▶ _GIVEN DATA_
* * *

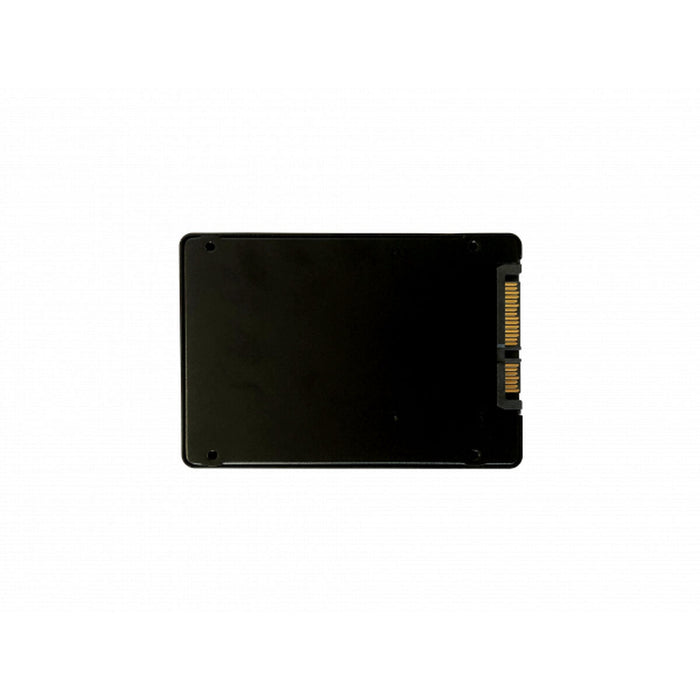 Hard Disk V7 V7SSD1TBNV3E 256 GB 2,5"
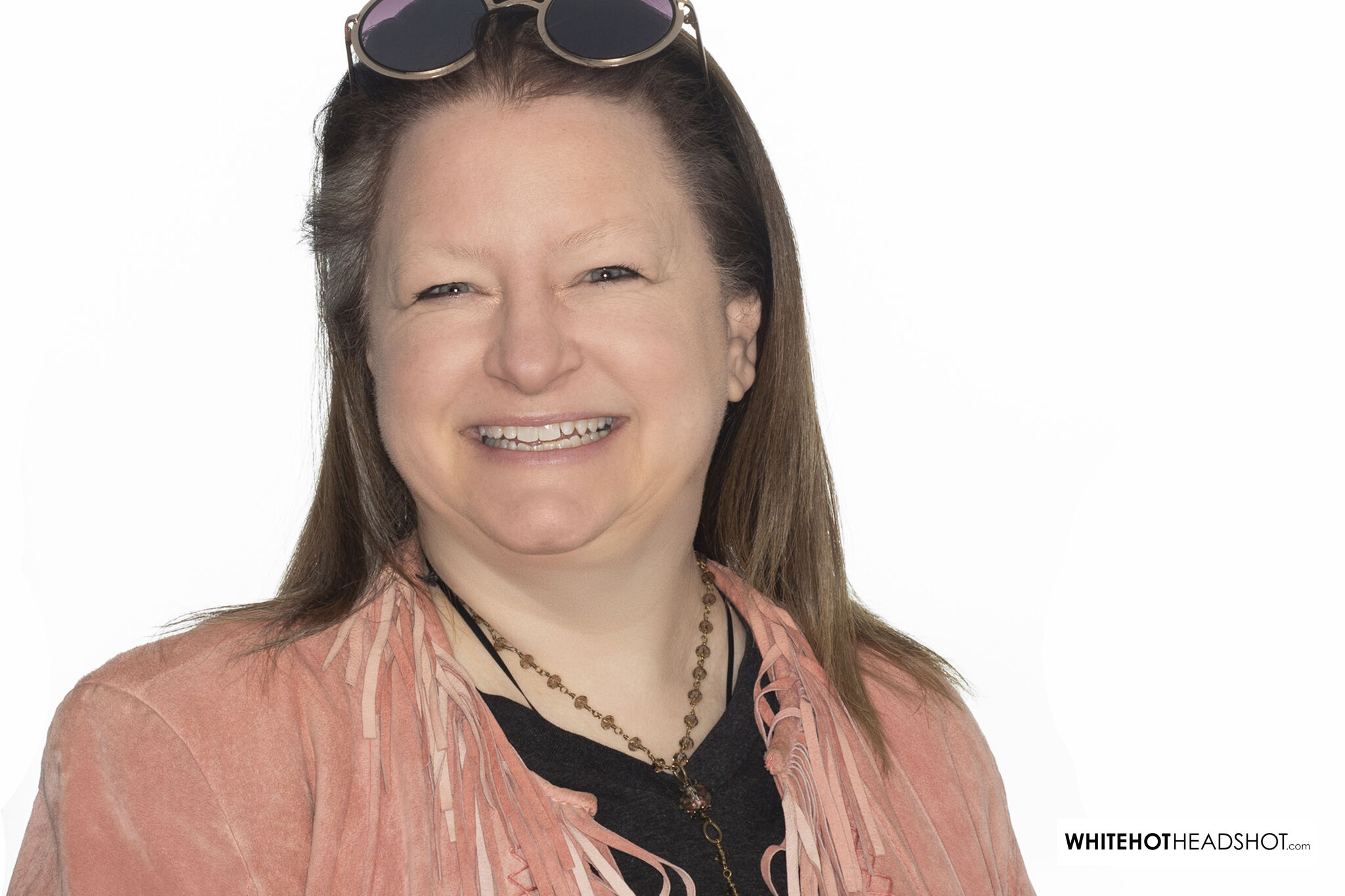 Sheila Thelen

* * *

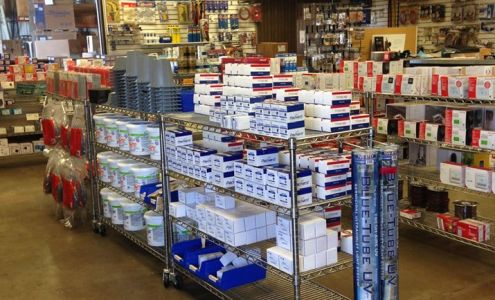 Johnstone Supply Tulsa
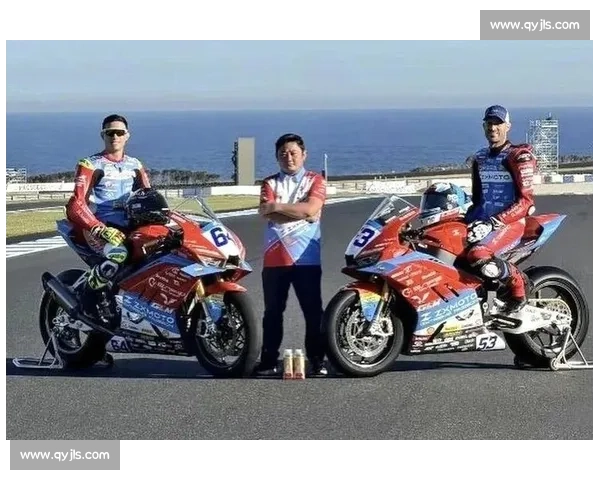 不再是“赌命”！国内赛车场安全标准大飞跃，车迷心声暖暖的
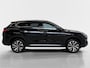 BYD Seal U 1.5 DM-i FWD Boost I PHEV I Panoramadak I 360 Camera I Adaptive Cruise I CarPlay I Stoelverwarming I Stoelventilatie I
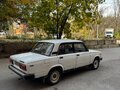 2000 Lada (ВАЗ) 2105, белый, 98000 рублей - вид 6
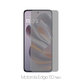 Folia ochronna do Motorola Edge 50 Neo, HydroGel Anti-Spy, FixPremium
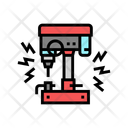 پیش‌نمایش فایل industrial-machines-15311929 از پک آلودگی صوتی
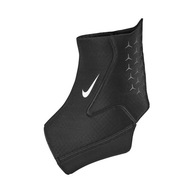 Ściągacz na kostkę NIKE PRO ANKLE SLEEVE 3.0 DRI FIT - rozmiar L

* * *

▶ _INSTRUCTIONS FOR THE TASK_
Starting at the line above that holds "پیش‌نمایش فایل industrial-machines-15311929", return each line up to and including the one that holds "Ściągacz na kostkę", exactly as written, minus any pictures.

▶ _WRITTEN REPLY_
 پیش‌نمایش فایل industrial-machines-15311929 از پک آلودگی صوتی
 Ściągacz na kostkę NIKE PRO ANKLE SLEEVE 3.0 DRI FIT - rozmiar L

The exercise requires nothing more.